Nesta segunda-feira (17), 10 capitais iniciam a vacinação e outras duas abrem o cadastro.

Em entrevista à CNN, o ministro da Saúde, Marcelo Queiroga, elencou as condições para que o governo federal comece a utilizar a Coronavac em crianças.

O ministro afirmou que, caso a vacina seja aprovada pela equipe técnica da Anvisa (Agência Nacional de Vigilância Sanitária) e por uma análise da aprovação feita internamente pelo Ministério, a vacina contra Covid-19 do Instituto Butantan poderá ser disponibilizada à população brasileira.

Ele argumenta que embora vacinas que utilizam a tecnologia da Coronavac tenham sido aprovadas em outros países, elas não receberam aprovação regulatória no Brasil para essa faixa etária.

“A Anvisa faz parte de um rol de agências que tem patamar de exigência de mais segurança nas suas análises”, afirmou. Ele pontua que agência, como a Europeia de Medicamentos (EMA) e o FDA (Food and Drug Administration) dos Estados Unidos, aprovaram apenas o imunizante da Pfizer para vacinação infantil.

“Sempre queremos que tenha mais insumos, mais vacinas, mais medicamentos disponíveis. Mas é preciso observar os aspectos regulatórios”, pontuou.

Queiroga também declarou que não seria necessária nova audiência pública para discutir a vacinação infantil.

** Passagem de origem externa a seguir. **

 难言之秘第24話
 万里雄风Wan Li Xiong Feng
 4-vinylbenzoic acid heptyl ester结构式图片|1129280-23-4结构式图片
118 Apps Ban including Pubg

No entanto, ele pontua que “a questão não é acelerar” o processo de imunização das crianças.

O ministro da Saúde, Marcelo Queiroga, em entrevista à CNN / Reprodução/CNN Brasil (17.jan.2022)

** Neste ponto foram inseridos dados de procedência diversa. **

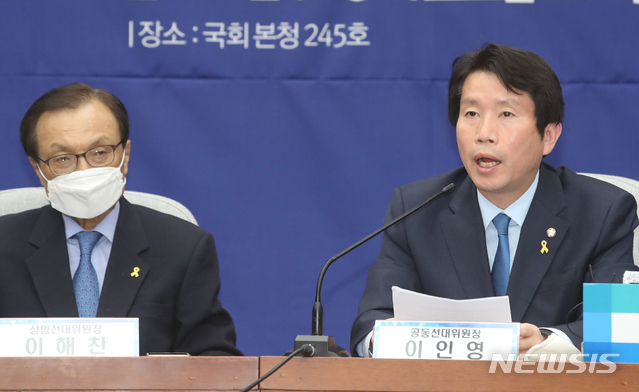 [서울=뉴시스]김명원 기자 = 이인영 더불어민주당 원내대표가 지난 16일 오전 서울 여의도 국회 더불어민주당 회의실에서 열린 대한민국미래준비선거대책위원회의에 참석해 발언하고 있다. 2020.04.16. kmx1105@newsis.com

“As doses têm que ser aplicadas no momento certo, observando as recomendações do Ministério da Saúde e da Anvisa para que não aconteçam erros vacinais como aqui no meu estado da Paraíba”, disse.

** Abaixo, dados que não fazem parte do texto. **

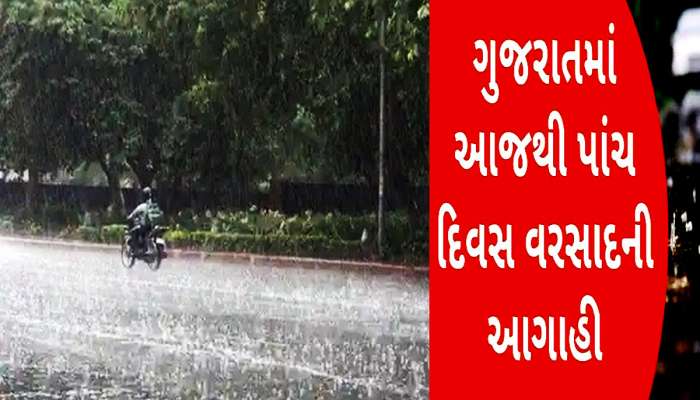 આગામી પાંચ દિવસ ગુજરાતમાં રહેશે વરસાદી માહોલ, જાણો ક્યા-ક્યા પડશે વરસાદ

O ministro também destacou que as vacinas não devem ser um fator condicionante para o retorno presencial às aulas previsto para o fim do mês.

Ele argumenta que a vacinação, de acordo com as diretrizes do Ministério da Saúde, não é obrigatória. “É desarrazoado se associar vacinação com aulas. As aulas devem acontecer, a segurança existe, as medidas são as mesmas. Aos pais que quiserem vacinar seus filhos, as vacinas estarão disponíveis”, afirmou.